Ivan,

I have made changes in the fork that reflects merge-sort strategy and now
query future iterator unblocks as soon all first pages are delivered from
nodes; then it waits for the next pages portions and so on.
https://github.com/shuliga/ignite/commit/c84f04c18f67e99ab7bc0a7893b75f1dc83a76bd

Please validate the design if you wish.

Regarding ranking field in the entity.

Entities for text queries in search domain are usually treated as
documents with some metadata.
This can be an id, issued/expired date, and document score returned for
given query.
It is common to include such fields in entity design.

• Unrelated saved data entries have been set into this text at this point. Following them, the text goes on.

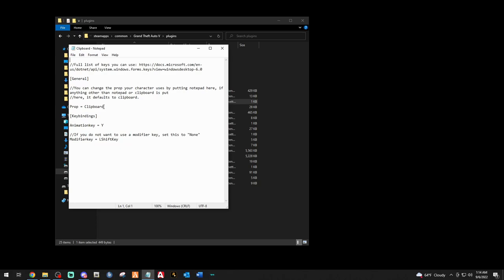I'm going to backspace this and type in 'notepad.' If you want to use the clipboard, leave it as is. As you can see it says 'notepad' and it's going to be Y plus Left Shift. First thing I want to do is save that before anything happens.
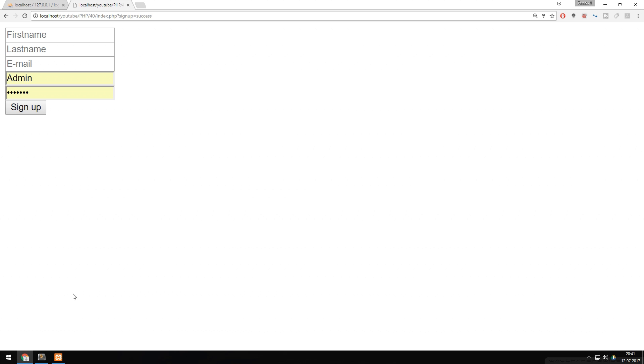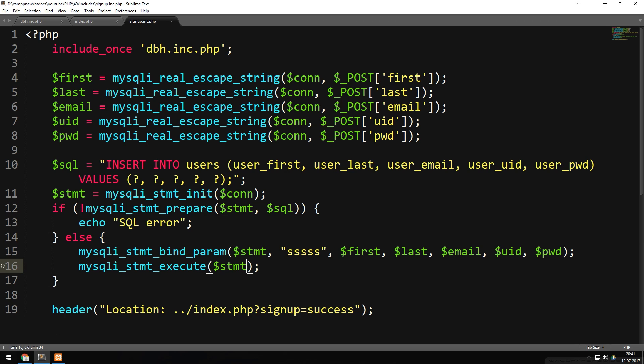This is how to use prepared statements for both selecting and inserting data in a database. The same method applies to UPDATE or any other SQL statements. One important note: we used procedural PHP functions throughout this episode. If you use object-oriented programming, you'd use different syntax. This course uses procedural programming, but I do have a separate OOP course if you're interested.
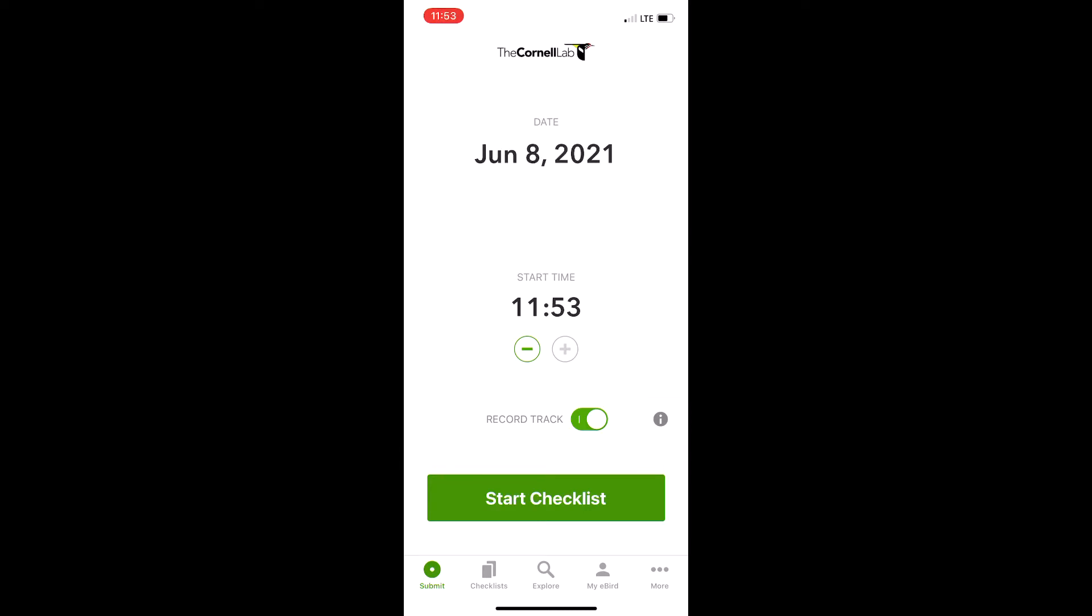This is Rob from the Songbirding podcast, and I'm just going to show you a real quick trick with the eBird mobile app that should help speed up recording birds on your observation list quickly.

Answer to your question about omitting QueryRankField:
- Then the response records just will come in arbitrary order. This
should not fail TextQuery execution.

Another point about rank value among different indices.
- ranks are to be used for comparison between entities in praticular query
response, they are not intended to be absolute over the system.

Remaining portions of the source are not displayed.